According to the wounded soldiers’ accounts, later confirmed by their company commander, they found the area heavily mined and booby-trapped. When the soldiers began tripping mines, Taliban gunmen attacked, using tunnels through walls between adjoining homes in the village to hit and run.

“No one came to our aid and did anything,” said Lt. Masiullah Hamdard, who lost both legs and his left arm in the fight and was still twisting in pain from his injuries. He said that two American helicopters and a jet were circling above the battle. “We kept begging them to shoot up the place but they didn’t do anything whatever.”

Indeed, from Tuesday on, that is American policy everywhere in Afghanistan. The American military has decreed that no air support be available to Afghans unless an exception is approved by an officer holding a general’s rank — and already, the anecdotal evidence indicates that such exceptions have been rare.

Instead of close air support, the American military has been providing equipment and training to help the Afghans use mortars and other artillery when they get in trouble, according to Maj. Gen.

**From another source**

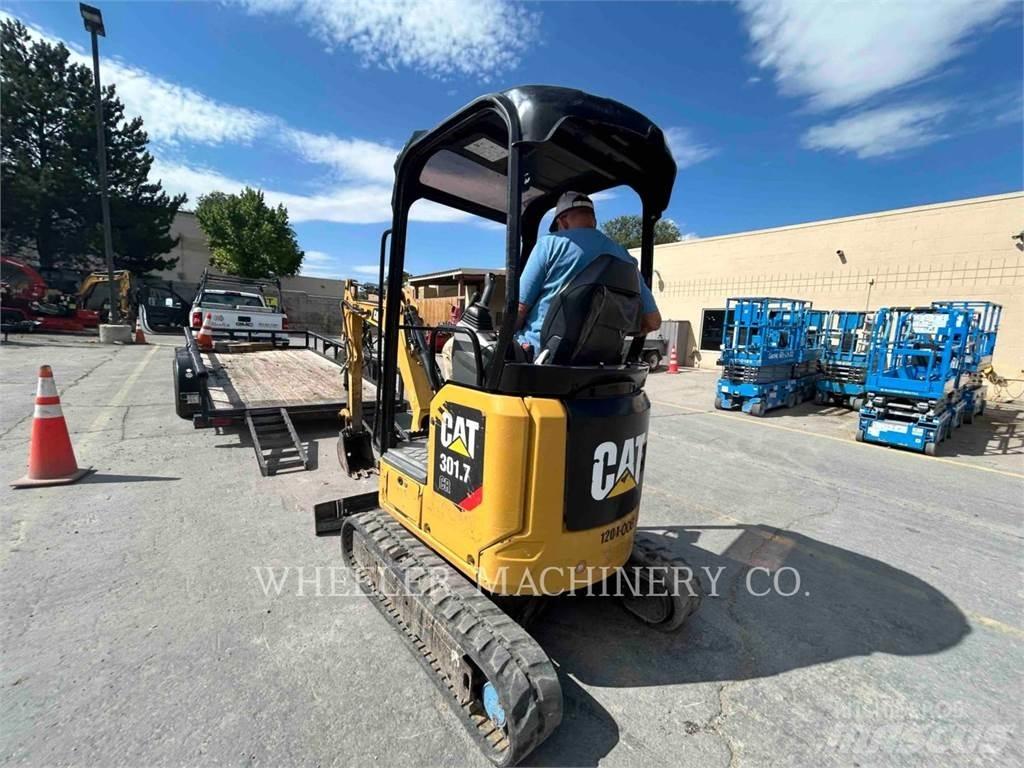 CAT 301.7 C1 Beltegraver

James C. McConville, the American commander in eastern Afghanistan. “If you do it for them, they will never build the capability and the capacity to do it,” he said. “We don’t want them to get used to a capability they’re not going to have in the future.”

Coalition officials still have combat ability here — roughly 65,000 American troops are still in Afghanistan — and say they would use it in cases where Afghan forces got into real trouble. The fighting in Panjwai, apparently, did not reach that point.

“I am 100 percent sure if we had air support available to us like the Americans would have, we would not have the sort of casualties that were inflicted on us there,” said the Afghan company commander in the Panjwai fight, Capt. Safid Gul. He was more philosophical than rueful, however. “This is our house and we have to protect it. No one else can save it for us.”

Captain Gul said that government forces, which numbered 40 soldiers and 40 police officers in all, took a total of 20 casualties in Panjwai — 13 wounded and 7 killed, or a fourth of their number in all. Those numbers were roughly confirmed by the Panjwai district governor, Haji Faizal Mohammad.

Afghan forces have paid dearly in other skirmishes with the Taliban, including a May offensive by the insurgents in Sangin district, a much-contested area in Helmand Province. The Taliban were beaten back, but at a cost of 19 soldiers and police officers killed.

Afghan Army casualties reflect their increased role in the fight. According to Gen. Dawlat Waziri, the deputy spokesman of the Defense Ministry, from March 21 to June 11 of this year, usually a slower time than later in the summer, a total of 276 Afghan soldiers were killed. That was already on pace to top the previous Afghan year’s total of 1,170, itself a record. In the same March 21 to June 11 period, fewer than 50 Americans were killed. (Afghans observe a lunar year, which began March 21 this year).

On Sunday alone, 10 Afghan soldiers were killed in four different provinces, the Defense Ministry said Monday.

The increased casualty rate for the Afghan National Army has raised concerns about what effect it might have on the military’s already high attrition rate. Last year, Afghan officials confirmed that because of desertions, casualties and low re-enlistments, the army had to replace about a third of its soldiers annually.

More recently, Defense Ministry officials have refused to divulge attrition statistics, saying that they are considered secret because of the possible impact on morale.

Sharifullah Sahak contributed reporting from Kabul, and Taimoor Shah from Kandahar, Afghanistan.